Commending One Piece’s tribulations in America isn’t to say that anime as a whole would be better or worse if One Piece hadn’t gone through what it did. It’s simply saying we have to acknowledge that it did happen to One Piece and made its ripples in the market. After One Piece, companies like 4Kids established a better process for finding more suitable properties to adapt for their desired children demographic. They went on to produce a variety of shows such as Yu-Gi-Oh!, Yu-Gi-Oh! Capsule Monsters, and Yu-Gi-Oh! GX. Companies like Funimation firmly cemented themselves as the studios to take on adaptations and leave them closer to the source material thus leading to the anime giant that is Crunchyroll today. Overall, things were made clear. Anime and its English adaptations couldn’t be taken lightly. They couldn’t try and force things the way 4Kids did with One Piece. If something could work as a kids’ show, cool make it a kids’ show. If not, don’t.
Today and Tomorrow
One Piece is a legacy show, that’s known even to those who have never watched it. Presently, One Piece still maintains a top spot in the shonen anime/manga world. It’s not only one of the most successful animes ever but one of the most successful properties ever. Its main storyline marches onward having just celebrated its 25th anniversary. Mind you that isn’t with spin-offs, isn’t with a sequel series, it’s still the original run. And that is with it weathering the severe blunder that was the 4Kids adaptation.
One Piece is still so successful, still in its eternal prime that the anime is getting a full-blown remake before the original is even completed. Dubbed The One Piece, This Netflix-funded project to be done by WIT Studio will bring One Piece up to modern animation standards starting all the way at the beginning. Having the advantage of 1000s of manga chapters, it will have improved pacing and less filler. This remake isn’t because the first arc of One Piece was bad, but simply because it could stand to benefit from modern animation techniques. The show still has more potential even after all this time. This, once again reflects One Piece as a property, a renowned masterpiece.
This new anime will bring in an entire second multi-generational fanbase. No one saw this coming and it’s another feat that only One Piece could pull off. An anime that saw an American remastering because the first one was so bad, and now a full-on remake because the original was so good all while the original is still not yet completed is unprecedented.

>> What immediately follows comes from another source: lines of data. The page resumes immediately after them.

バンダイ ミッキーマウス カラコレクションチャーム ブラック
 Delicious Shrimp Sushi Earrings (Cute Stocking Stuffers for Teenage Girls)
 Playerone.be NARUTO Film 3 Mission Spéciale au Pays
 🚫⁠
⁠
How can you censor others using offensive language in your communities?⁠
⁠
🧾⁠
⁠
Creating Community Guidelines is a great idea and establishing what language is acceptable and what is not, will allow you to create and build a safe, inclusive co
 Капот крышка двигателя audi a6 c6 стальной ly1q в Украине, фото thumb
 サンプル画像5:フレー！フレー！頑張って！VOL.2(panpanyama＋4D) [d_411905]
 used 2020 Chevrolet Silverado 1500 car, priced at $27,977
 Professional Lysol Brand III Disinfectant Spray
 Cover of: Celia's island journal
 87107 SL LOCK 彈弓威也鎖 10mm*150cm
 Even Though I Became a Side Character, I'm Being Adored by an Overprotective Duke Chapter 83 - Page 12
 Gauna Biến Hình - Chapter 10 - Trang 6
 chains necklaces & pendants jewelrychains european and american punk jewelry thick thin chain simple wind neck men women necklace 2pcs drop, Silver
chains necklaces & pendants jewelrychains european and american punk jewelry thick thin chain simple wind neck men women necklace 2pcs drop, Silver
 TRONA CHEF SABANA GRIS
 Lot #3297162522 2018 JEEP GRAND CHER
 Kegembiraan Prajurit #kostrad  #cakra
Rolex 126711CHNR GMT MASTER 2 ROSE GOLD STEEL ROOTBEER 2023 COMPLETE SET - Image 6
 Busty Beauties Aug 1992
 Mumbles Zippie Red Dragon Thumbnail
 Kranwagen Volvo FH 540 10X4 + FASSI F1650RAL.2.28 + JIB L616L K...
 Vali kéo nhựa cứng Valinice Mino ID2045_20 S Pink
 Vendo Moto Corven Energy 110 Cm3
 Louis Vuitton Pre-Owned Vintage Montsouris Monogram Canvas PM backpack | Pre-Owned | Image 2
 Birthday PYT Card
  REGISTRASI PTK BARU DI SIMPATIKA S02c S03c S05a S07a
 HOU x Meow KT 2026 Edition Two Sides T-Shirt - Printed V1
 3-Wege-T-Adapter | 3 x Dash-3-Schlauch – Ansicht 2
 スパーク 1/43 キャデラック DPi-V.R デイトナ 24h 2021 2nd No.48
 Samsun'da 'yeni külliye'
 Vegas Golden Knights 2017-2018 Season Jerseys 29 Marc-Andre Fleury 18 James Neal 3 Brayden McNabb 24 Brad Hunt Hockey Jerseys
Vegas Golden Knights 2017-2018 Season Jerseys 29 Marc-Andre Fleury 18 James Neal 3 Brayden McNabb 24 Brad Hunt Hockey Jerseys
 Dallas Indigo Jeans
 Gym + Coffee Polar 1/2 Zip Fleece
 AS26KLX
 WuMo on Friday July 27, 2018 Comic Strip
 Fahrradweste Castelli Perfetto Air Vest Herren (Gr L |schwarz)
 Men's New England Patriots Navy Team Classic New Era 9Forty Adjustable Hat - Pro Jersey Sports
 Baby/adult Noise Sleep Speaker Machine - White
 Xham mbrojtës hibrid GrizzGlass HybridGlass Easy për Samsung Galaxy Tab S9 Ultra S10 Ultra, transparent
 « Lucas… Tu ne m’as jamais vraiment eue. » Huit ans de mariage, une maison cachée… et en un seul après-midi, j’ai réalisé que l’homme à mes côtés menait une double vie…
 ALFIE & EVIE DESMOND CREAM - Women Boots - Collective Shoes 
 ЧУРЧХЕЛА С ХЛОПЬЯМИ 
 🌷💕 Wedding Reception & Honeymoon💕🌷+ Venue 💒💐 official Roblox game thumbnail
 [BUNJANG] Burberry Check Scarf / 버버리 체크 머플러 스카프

One Piece might be nearing its canonical end, but the impact and legend it carries will not. From its horrific American start, which showed us how not to adapt an anime, to its now resounding success, multiple times over. One Piece has cemented itself as a foundational pillar that led to the anime industry today while continuing to be at its forefront. Like its characters, every struggle it faced only made it stronger on the other side. It’s one of the best stories ever told, just make sure it’s told correctly.